Architecture

Understanding Observer’s architecture and components

Observer Architecture

Observer uses an event-driven architecture for test observability. Test events are ingested over gRPC, transported through NATS JetStream, persisted by the processor, and then served by the API and Web UI.

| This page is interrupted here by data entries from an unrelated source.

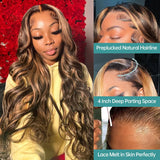 13x6 Hd Lace Frontal Wig Honey Blonde Body Wave Lace Front Wig Highlight Wig Human Hair 13x4 Colored Human Hair Wigs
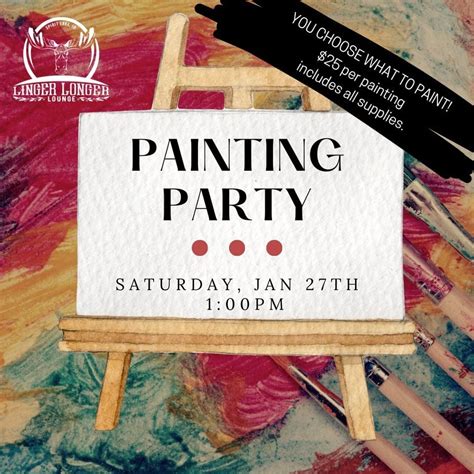 PAINTING PARTY , Linger Longer Lounge, Spirit Lake, January 27 2024 ...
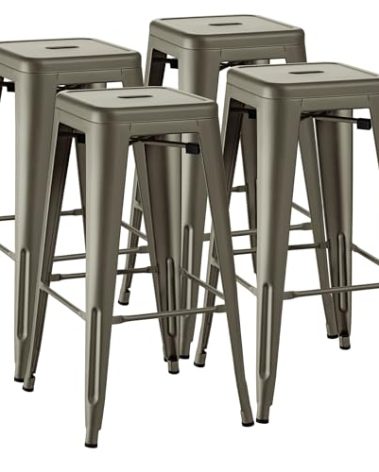 Furmax 30 Inches Metal Bar Stools - High Backless Indoor-Outdoor Stackable Kitchen Set of 4 (Gun)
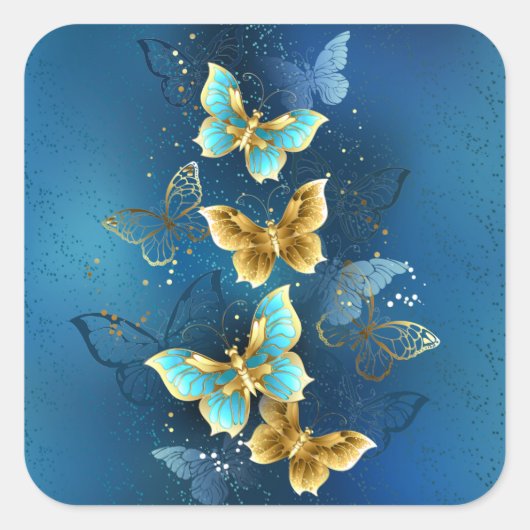 Goudvlinder Vierkante Sticker (Voorkant)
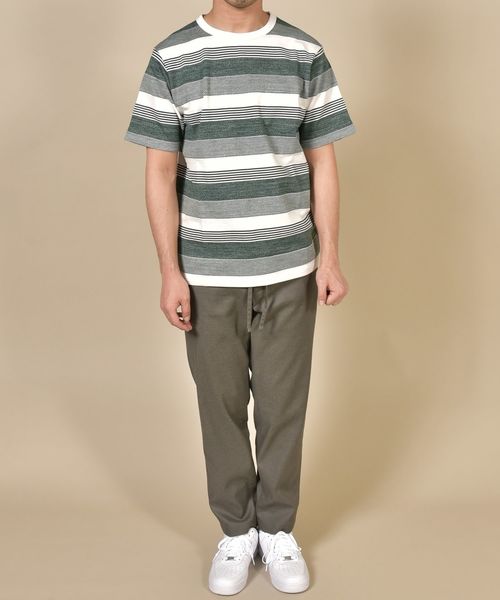 SHIPS（シップス）の「SC: スペック ボーダー ジャガード Tシャツ（Tシャツ/カットソー・メンズ・グレー/カーキ/ブルー/グリーン・S/M/L/XL/XXL）」の19枚目の写真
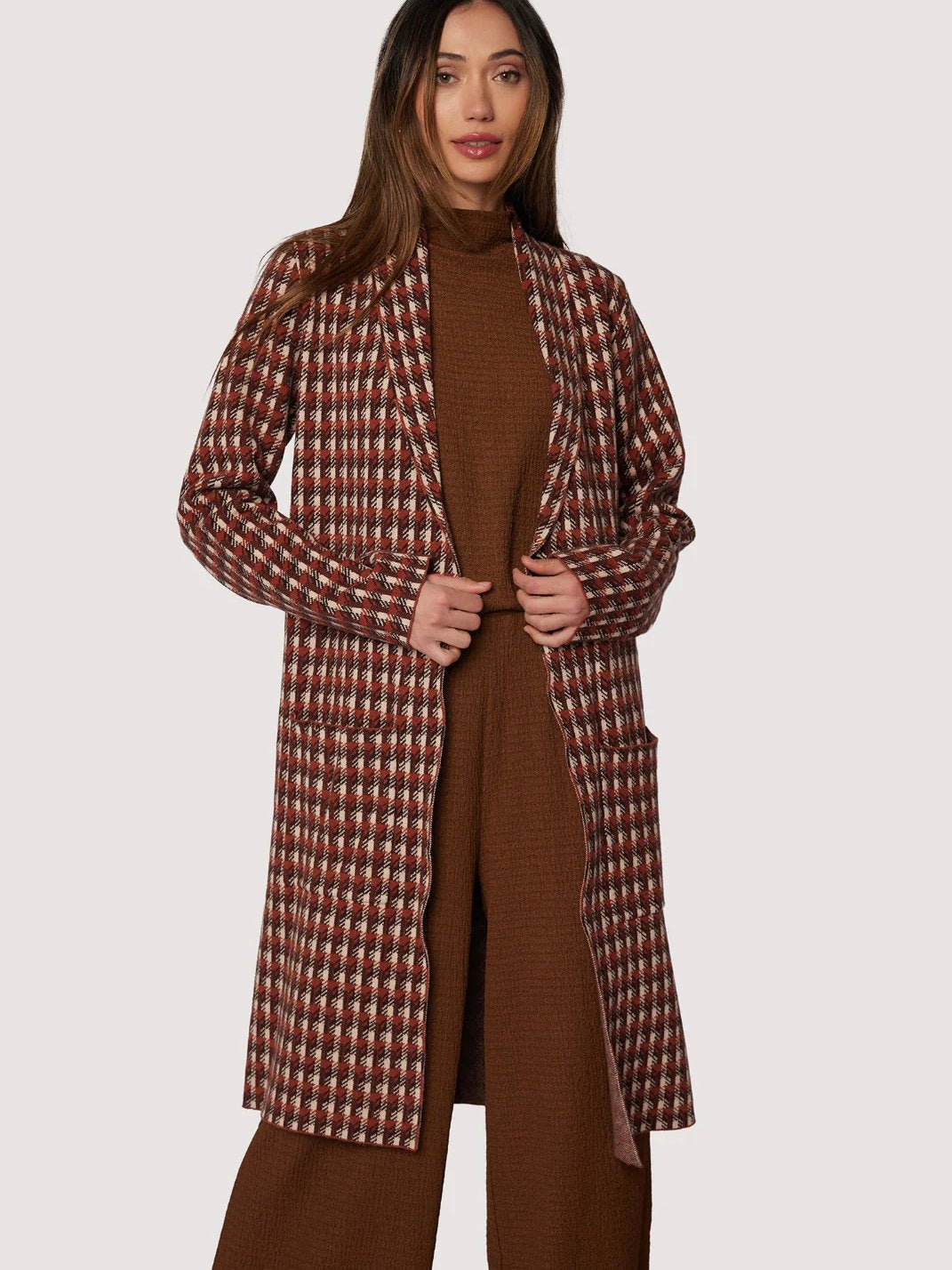 LOST + WANDER LORENZA CARDIGAN RUST BROWN PLAID 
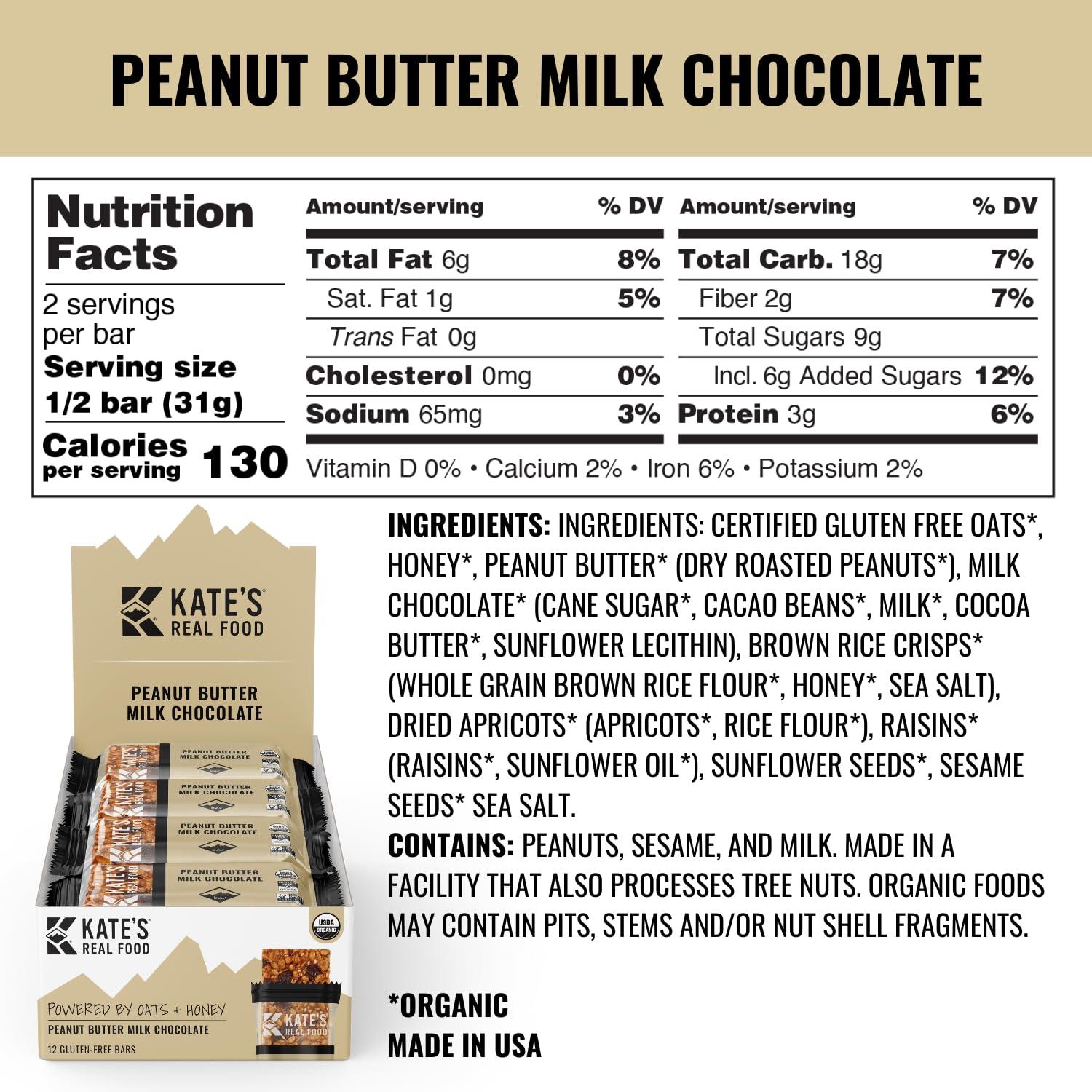 Kate's Kates Real Food Organic Granola Bars - Peanut Butter Milk Chocolate (2.2 oz, Pack of 12) - Organic Energy Bars Made with Gluten Free Oats - Non GMO, Soy Free, Whole Grains, and All Natural - Healthy Snacks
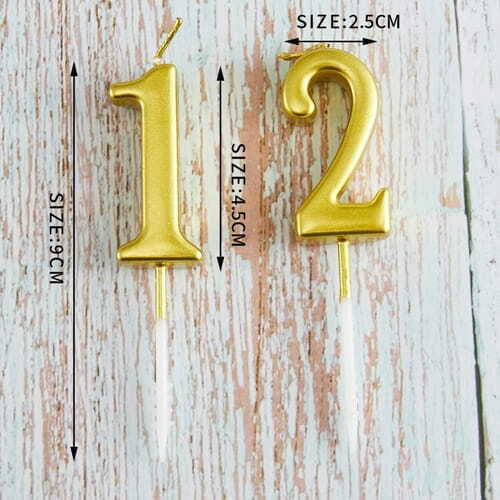 Geburtstagskerzen Nummer 7 Gold 4,5cm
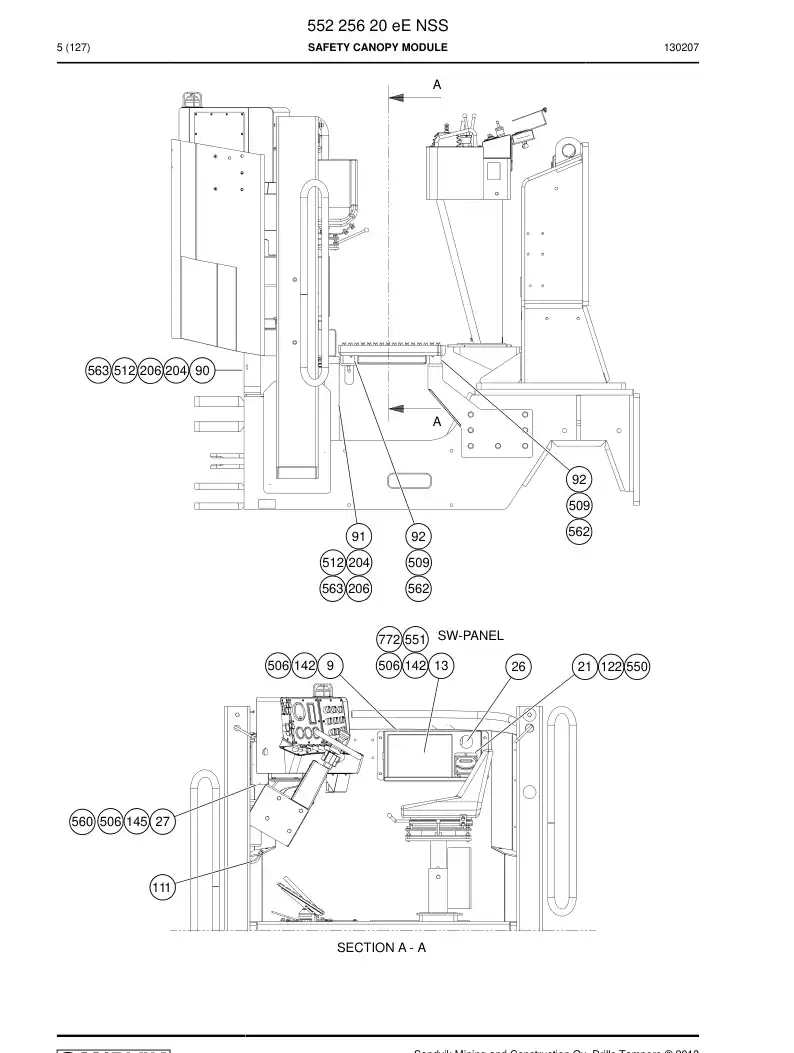 55225620e 552 256 20e Safety canopy module - Sandvik Technical Drawing
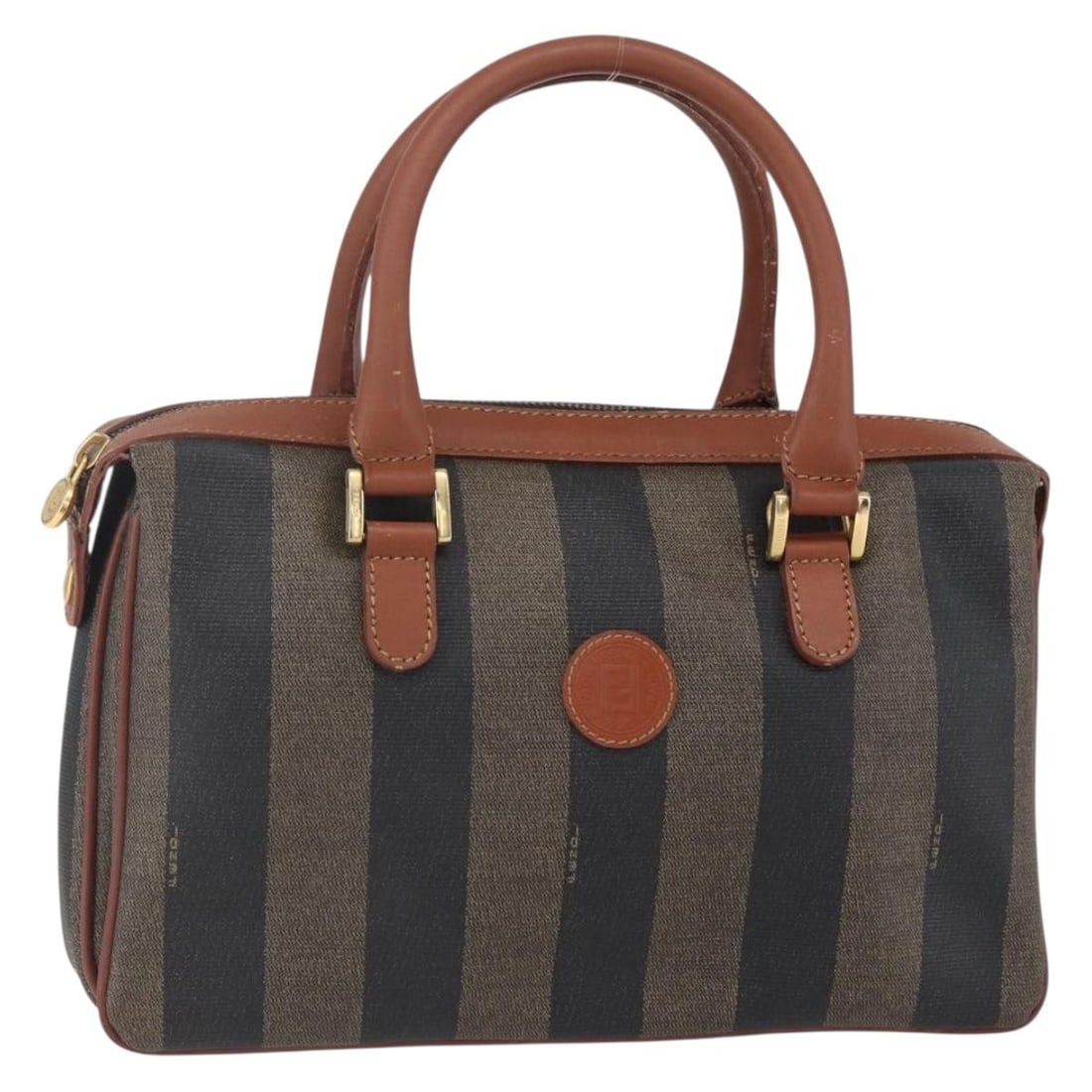 Vintage Fendi Pequin Convertible Boston Canvas Handbag Brown (1 of 18)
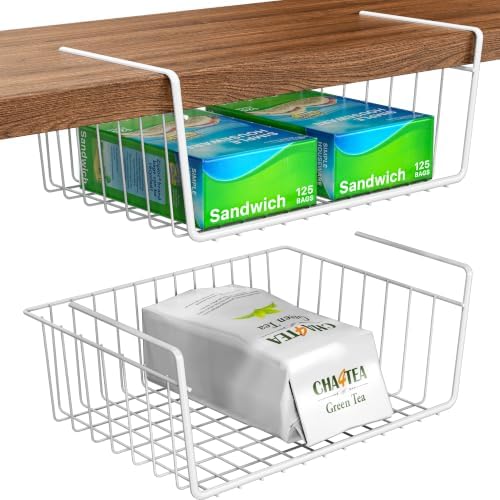 Simple Houseware 2-Pack Under Shelf Wire Metal Basket Shelf, White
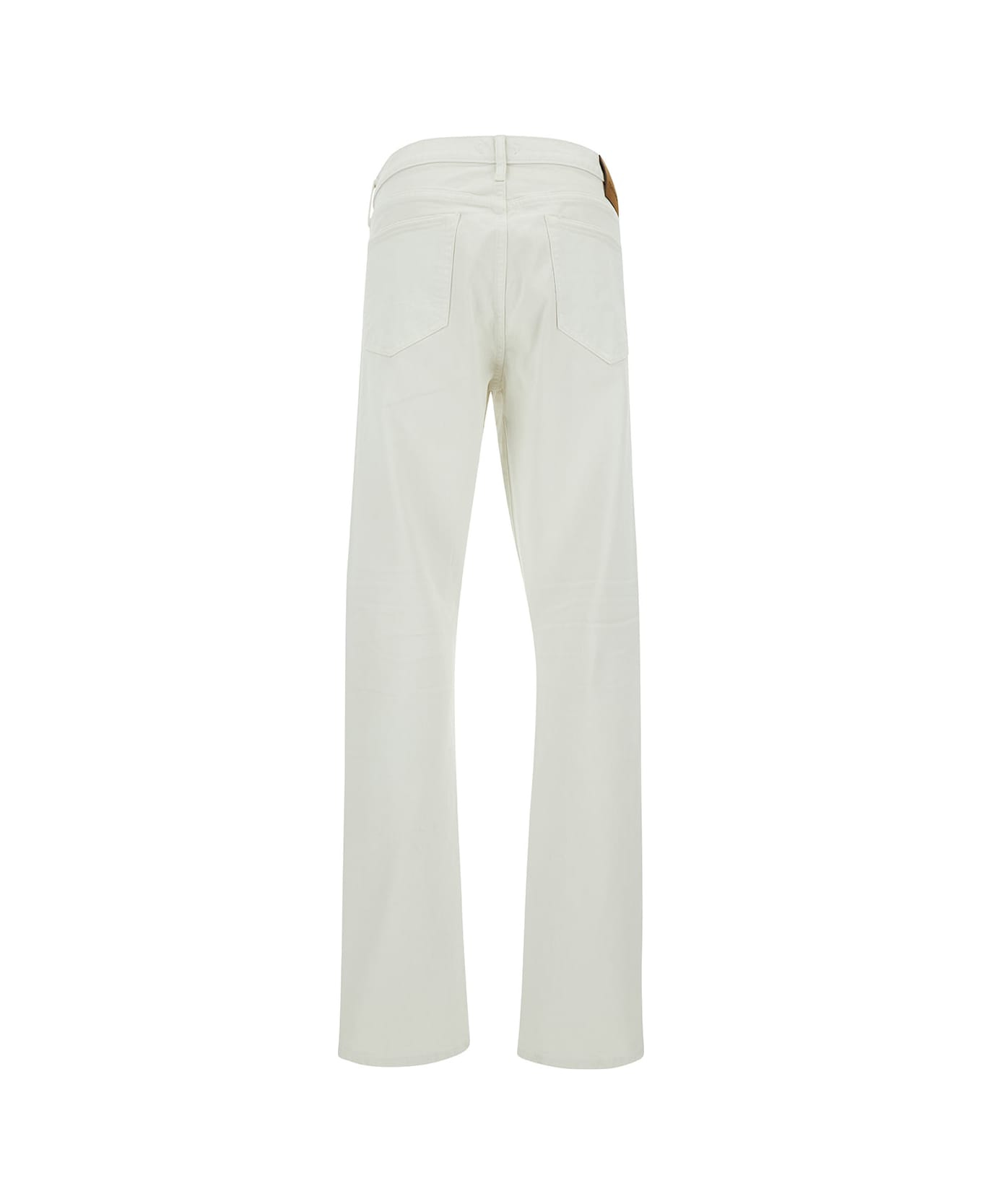 Tom Ford White Slim Five-pocket Style Jeans With Branded Button In Stretch Cotton Denim Man - White デニム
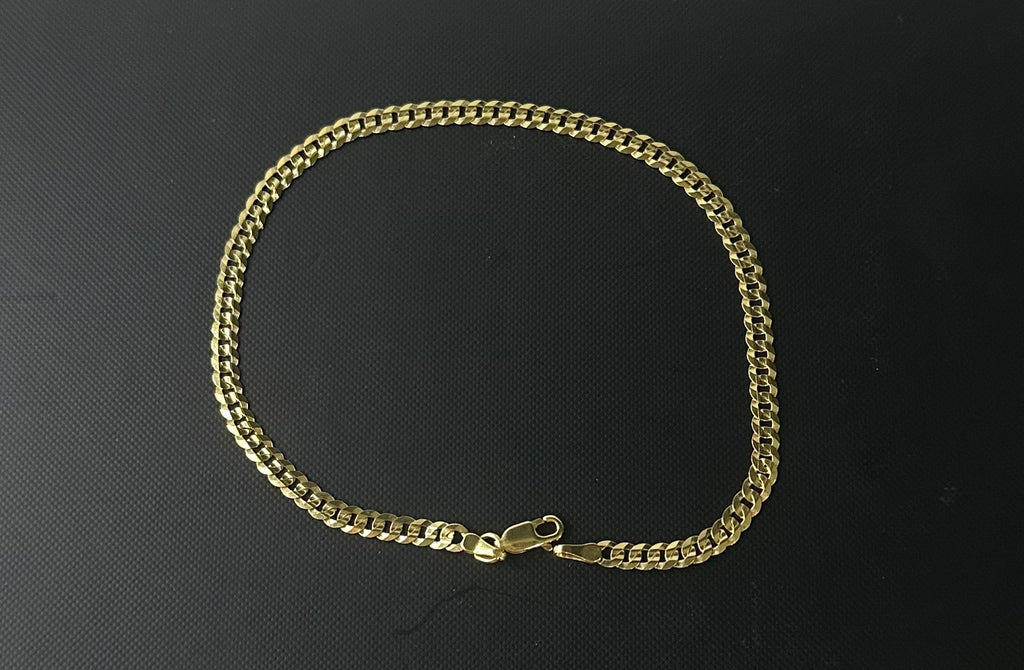 Tobillera Corte Brillo - Oro 10k, 10"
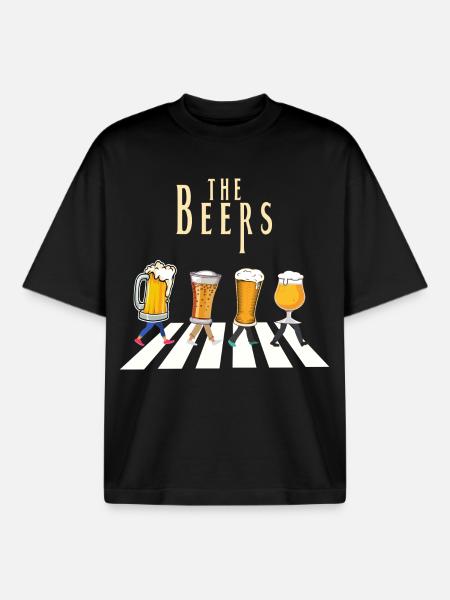 Custom beer bar pattern design - Boxy Heavyweight Unisex Organic T-Shirt by Stanley/Stella - black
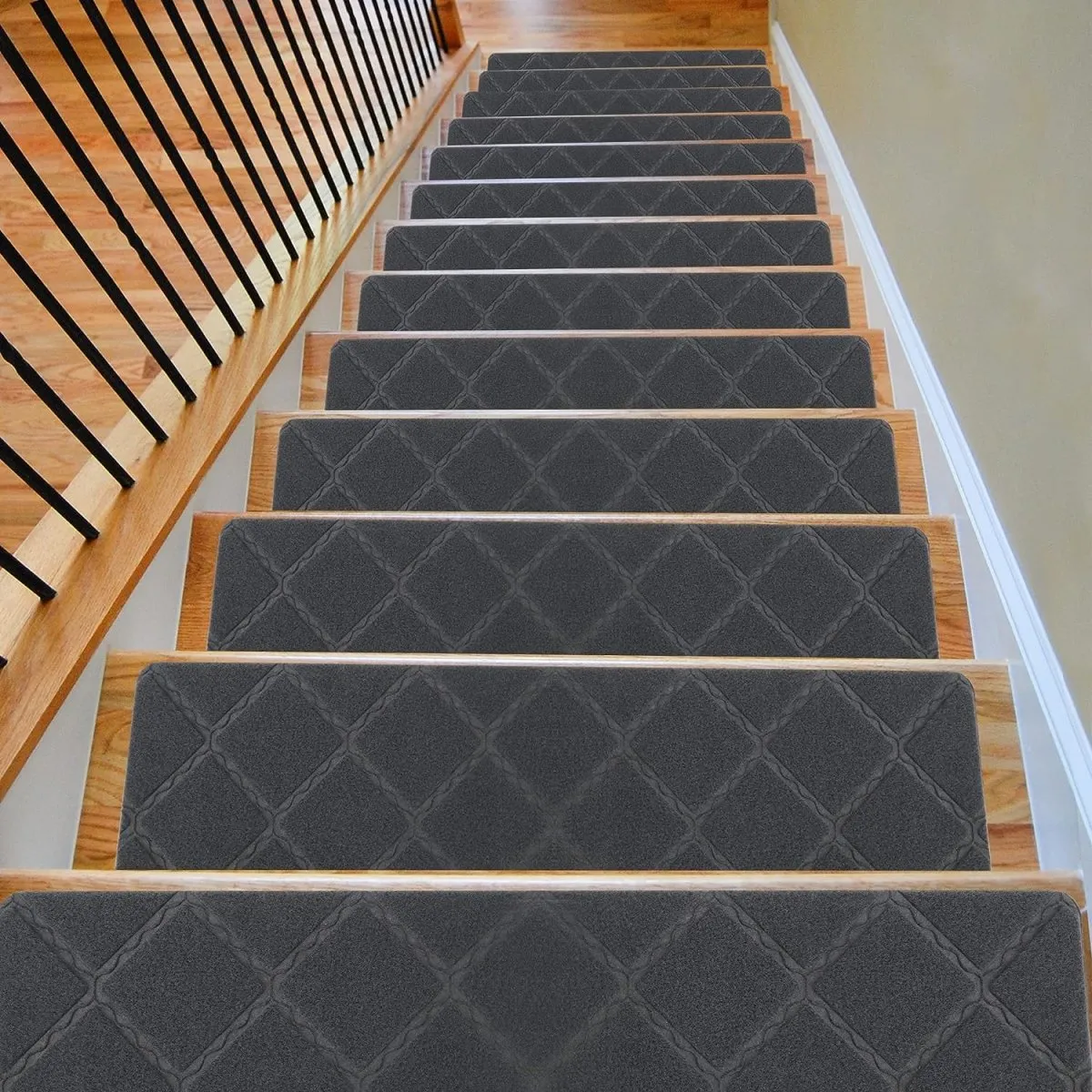 Grey Carpet Stair Treads 8"x 30" - 14-Pack | Non-Slip, Removable, and Washable | Ideal for Pets and Elders"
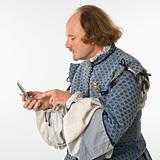 Shakespeare using cell phone.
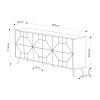 Buffet Dune pakoworld in dark grey color 181x35x77.4cm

Observer supports two deployment modes:

  • All-in-One (AIO) for local development and lightweight workflows
  • Distributed for CI and production environments

System Overview

graph TB
    subgraph "Test Execution"
        A[Playwright Tests]
      B[Playwright Reporter]
    end

    subgraph "Ingestion Layer"
        C[Ingestion Service<br/>gRPC Port 50051]
    end

    subgraph "Message Streaming"
        D[NATS JetStream<br/>Event Bus]
    end

    subgraph "Processing Layer"
        E[Processor Service<br/>Event Consumer]
    end

    subgraph "Storage Layer"
      F[(PostgreSQL<br/>Canonical Run Data)]
      J[(MongoDB<br/>live_step_buffers)]
    end

    subgraph "API Layer"
      G[API Service<br/>REST + WebSocket]
    end

    subgraph "Presentation Layer"
        H[Web UI<br/>React Dashboard]
        I[WebSocket<br/>Real-Time Updates]
    end

    A --> B
    B -->|Test Events<br/>gRPC| C
    C -->|Publish| D
    D -->|Subscribe| E
    E -->|Persist Durable Data| F
    E -->|Buffer Live Steps| J
    F --> G
    D -.->|Stream| G
    G -->|HTTP REST| H
    I --> H

    style C fill:#326ce5,stroke:#fff,stroke-width:2px,color:#fff
    style D fill:#326ce5,stroke:#fff,stroke-width:2px,color:#fff
    style E fill:#326ce5,stroke:#fff,stroke-width:2px,color:#fff
    style G fill:#326ce5,stroke:#fff,stroke-width:2px,color:#fff

Core Components

1. Playwright Reporter (@stanterprise/playwright-reporter)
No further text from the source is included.